■ **Problem requirements**
An exact restatement of the data below, with the pictures removed, is the required answer.

■ **Given information**
● ● ●
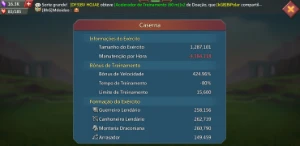 Conta Lords Mobile 339 M de poder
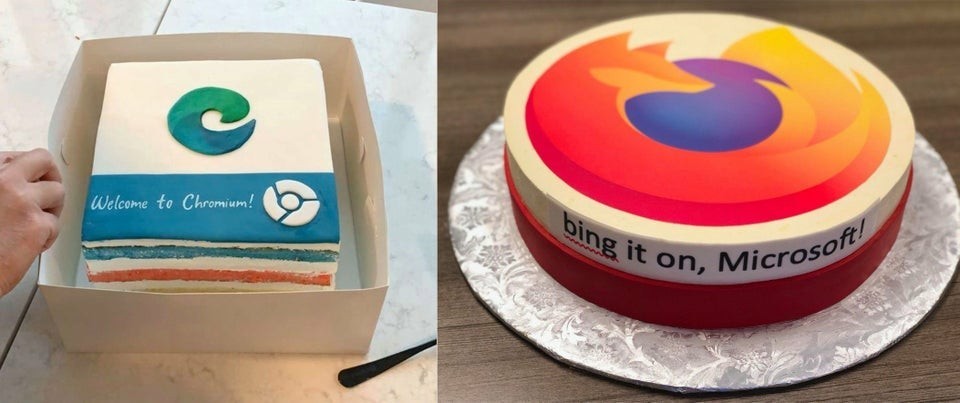 Google and Firefox sent the Microsoft Edge team a cake to celebrate its update - Firefox, Google, Microsoft, Microsoft Edge, Reddit, Cake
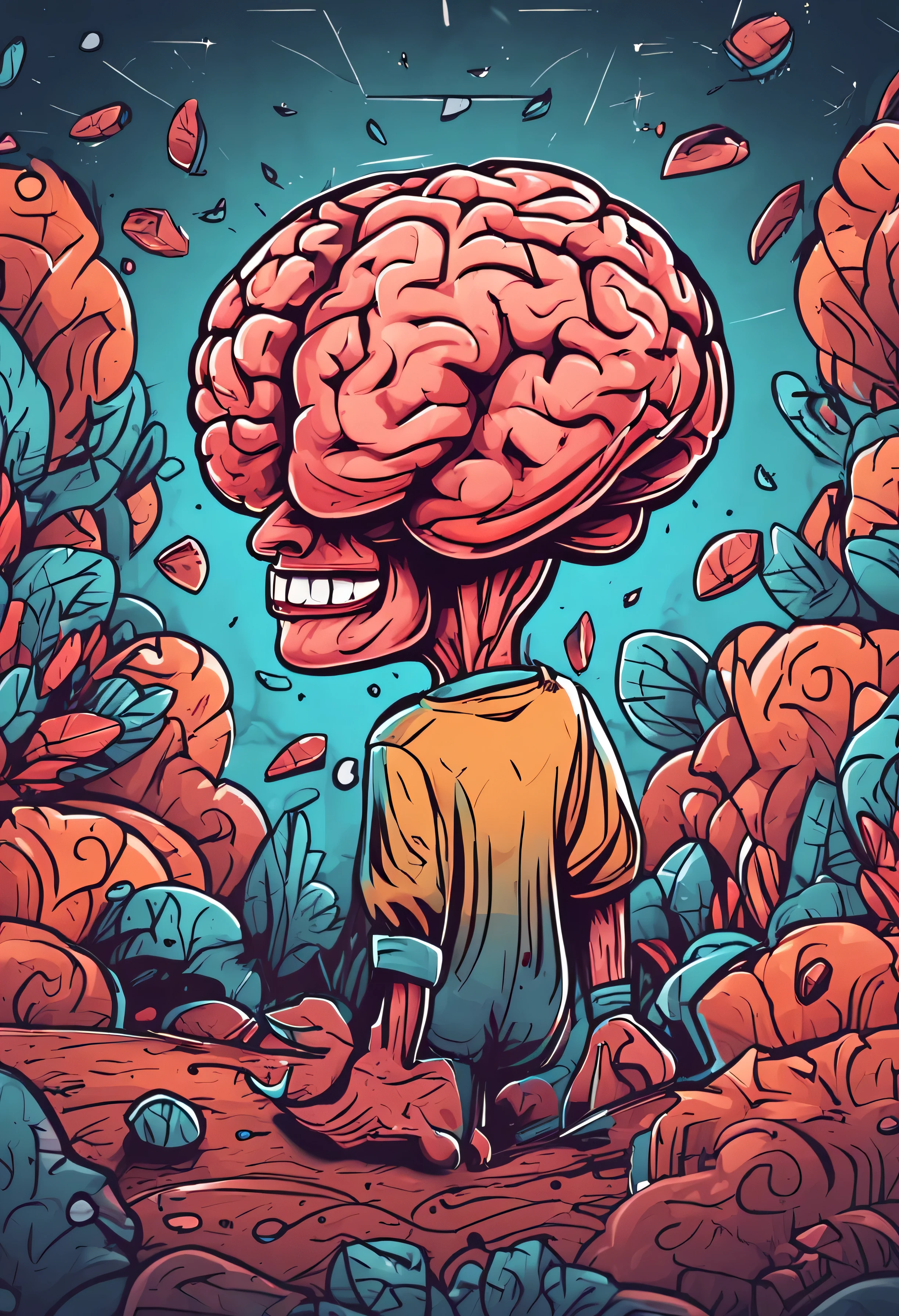 "youtube round logo featuring a cute and animated brain with a smiling expression, rendered in hyper-realistic detail."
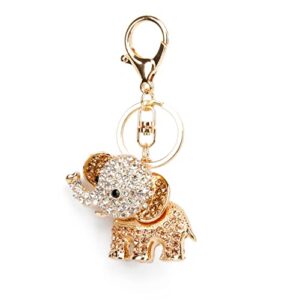 TOPASION Lucky Elephant Keychain Rhinestone Key Chain for Women Car Purse Handbag…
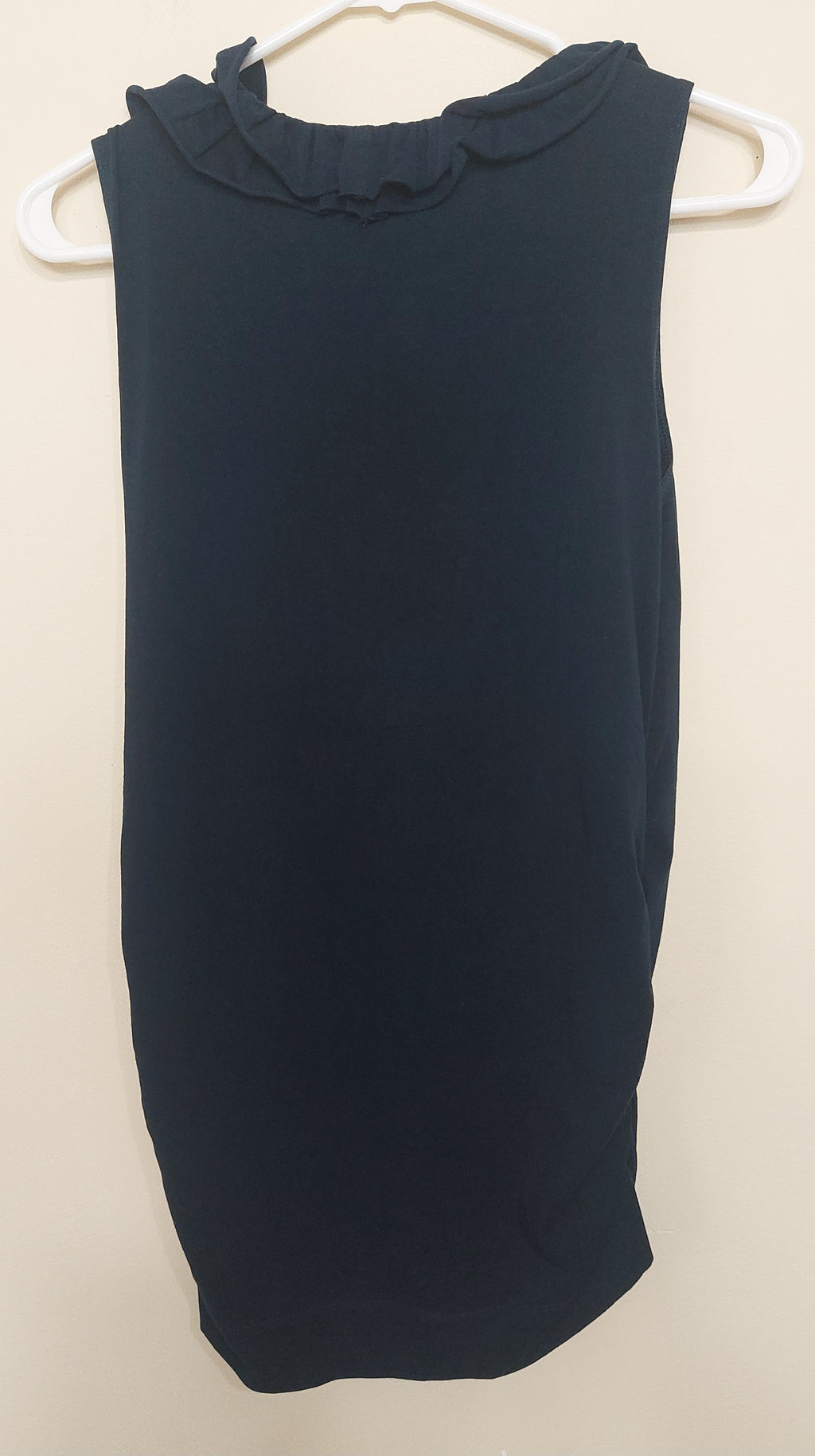 7 23 CAbi Black Ruffle Ruched Sleeveless Dress Size M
● ● ●
■ **Answer box**
 Conta Lords Mobile 339 M de poder
 Google and Firefox sent the Microsoft Edge team a cake to celebrate its update - Firefox, Google, Microsoft, Microsoft Edge, Reddit, Cake
 "youtube round logo featuring a cute and animated brain with a smiling expression, rendered in hyper-realistic detail."
 TOPASION Lucky Elephant Keychain Rhinestone Key Chain for Women Car Purse Handbag…
 7 23 CAbi Black Ruffle Ruched Sleeveless Dress Size M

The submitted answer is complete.